Fannie Mae’s Economics and Mortgage Market Group (EMMA group) believes the slowdown in economic growth and hiring witnessed so far this year, coupled with heightened financial market volatility, has put the U.S. economy on the edge of a recession. Consumers are pulling back based on uncertainty about their jobs and the value of their assets. At the same time, companies do not want to hire unless demand for their products picks up, creating a vicious circle that threatens to derail the expansion. The EMMA group’s current outlook assumes that the U.S. economy remains on a slow-growth path through next year, which will be insufficient to heal the labor markets and bring the unemployment rate down by any meaningful degree. As a result, the EMMA group believes the economy is very vulnerable to internal and external shocks and our best estimate now is that the odds of a recession are a coin toss.

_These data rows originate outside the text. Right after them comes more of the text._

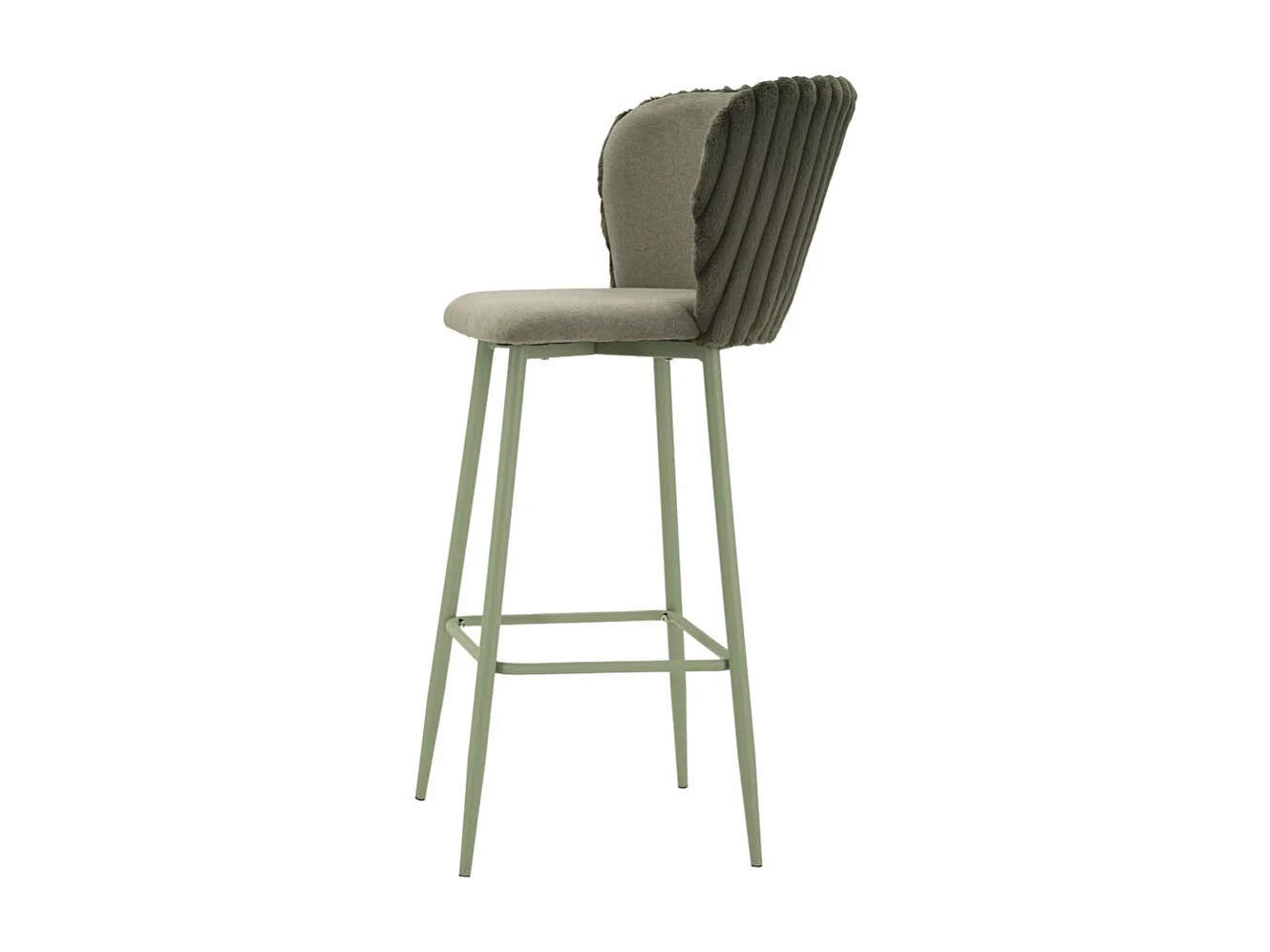 Lot de 2 Tabourets de Bar "Alaska" 106cm Vert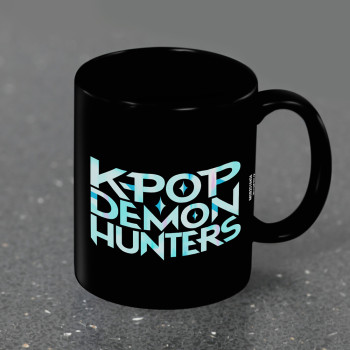 K-Pop Demon Hunters Black Pod Κούπα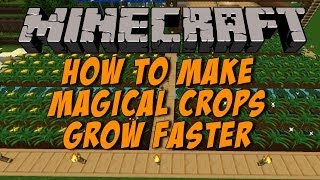 Make Magical Crops Grow Faster Minecraft 164 [upl. by Sedrul91]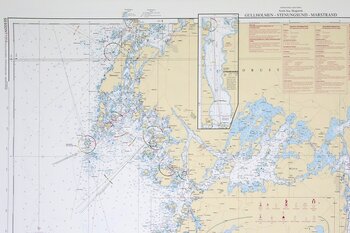 Gullholmen-Stenungsund-Marstrand Sjökort 77x112 cm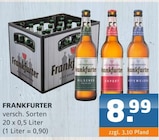 Getränke Lehmann - Getränke A-Z - Frankfurter Angebot im Prospekt Frankfurter bei Getränke Lehmann - Getränke A-Z im Prospekt "" für 8,99 €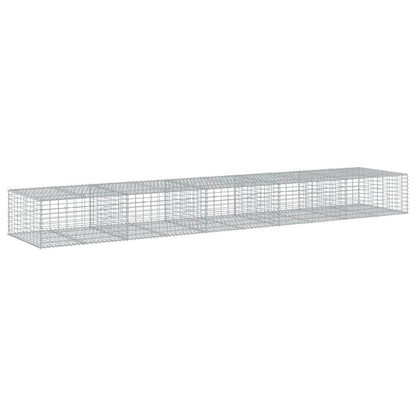 vidaXL Gabion Basket with Cover 500x100x50 cm Galvanised Iron 5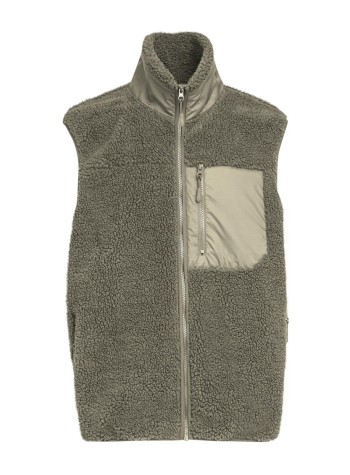 Build Your Brand Bonded sherpa vest 2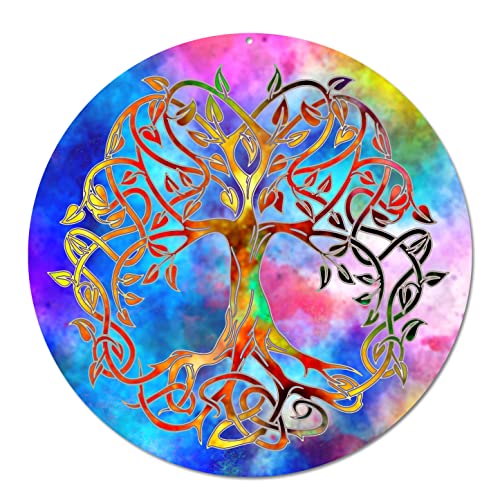 Sonnenfänger ' Baum des Lebens ' Nr. 20. | Danke Geschenk Muttertag Geburtstag | Symbol der Liebe | Glücksbringer Lebensbaum | Aufhänger Fensterbild | keltischer Weltenbaum Deko Acrylglas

The EMMA group sees many possible candidates for an economic or market shock that could trigger a recession, but at the current moment our best guess is that such a shock would be a financial crisis in Europe. The fractured political landscape there is making it increasingly difficult for European countries to come up with the kind of significant structural changes needed to put government finances on a sound footing. Insofar as many big banks across the Continent are exposed to the debt of more risky countries, and the global financial system remains highly integrated, the problems across the region have the potential to be similar in magnitude to the U.S.-led financial meltdown of a few years ago. Similar to what transpired then, there is a lack of transparency about cross-border exposures that heightens the uncertainty around these issues and is troubling to investors.
The role of housing in the current situation is quite a bit different from three or four years ago. In 2006-2007, housing values were inflated and the subsequent decline has brought prices down to levels that are much more in line with long-term fundamentals such as borrower income. That said, the housing market is not immune to further declines should the economy take a turn for the worse. At present, the consensus view is that further modest declines in home prices are in store into early next year, but a further decline of more than a few percentage points beyond this would likely have a negative impact on both consumer confidence and the balance sheets of financial institutions.